Netflix (NASDAQ:NFLX) shares experienced unusual options activity on Wednesday. The stock price moved up to $552.98 following the option alert. Sentiment: BULLISH Option Type: TRADE Trade Type: PUT Expiration Date: 2021-07-30 Strike Price: $552.50 Volume: 246 Open Interest: 1 Three Ways Options Activity Is ‘Unusual'
Looks like they're selling before the news too. The day after my post, there was a bearish engulfing candle with even more volume. Looks like it was just filling the gap from last ER before selling into the next one. Bullish trade with Puts, so they sold the $552.50 puts? Yikes...but the buyer of those puts is smiling.
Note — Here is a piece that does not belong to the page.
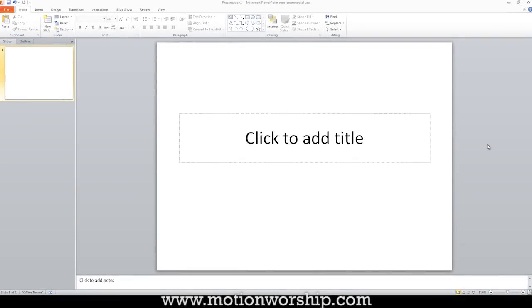Hello, this is Josiah Smith with MotionWorship.com, and today I'm going to be talking about motion backgrounds in PowerPoint.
This is the big news, and of course the general population is missing the point. They don't need to try to make AAA Call of Duty-type games. More along the lines of Farmville; free to play with option of paying for amenities. Along the lines of Disney+ having "premium access" movies, Netflix is looking to add extra income on top of their base. Games that allow "in-app" purchases coming to Netflix is a possibility. Also not a bad idea, Netflix has always said they are competing with other companies for individuals' time. They are beyond the streaming wars, they are in the time/attention wars and this involves the whole interwebs.
"Netflix shares crater 20% after company reports it lost subscribers for the first time in more than 10 years" - CNBC Well no shit... how about you drop your prices instead of increasing them every few months.
This has been a brutal beatdown. But I think NFLX will rebound to fill this gap, up to $320+. That's +40% from $225 currently.
Took a year, and in fact went down to $160-170. But one of the big gaps from 2022 has been filled. Through it all, NFLX has held this trend line in logarithmic scale. Looking forward, sounds like Reed Hastings is gone. Haven't heard much from the new CEO.
Netflix announced a new viewership metric, # of views. It's real simple, they take the old metric (# of hours) and divide by the length of the series. Which is better? Well that's the wrong question here... Imo the old metric was great, you want to get people spending a lot of hours on your service (reminder that Netflix is in competition with TikTok and video games, not just Disney+). Especially if you are going to be showing ads (more hours = more ads). Now the new metric, falls short in terms of figuring out how many ad views are being contributed by a show. More views != more ads. HOWEVER, what the new metric does, imo, is reveal that Netflix is going in a new direction. That is why it is not a question of which metric is better. I think we will see Netflix going away from every damn show getting 10 hours to tell a story, and every damn show stretching a 30-minute story into 10 hours. Now that Netflix has a new metric, I think they will start going with shorter series. No more, every mediocre show getting 10 1-hour shows for a season. I think we will start seeing new shows only getting 2 hours to tell a story, and show that they can bring in an audience. So I'm glad they've come up with this new metric, that doesn't give a damn about ads. Because too many mediocre shows were getting 10 hours to draw out boring stories.
It is on the 20-week moving average, just like the major indexes (SPY, QQQ, DIA, IWM). I think we see a bit lower too, just to get back to test the area (SPX~4328) when the VIX broke down in June.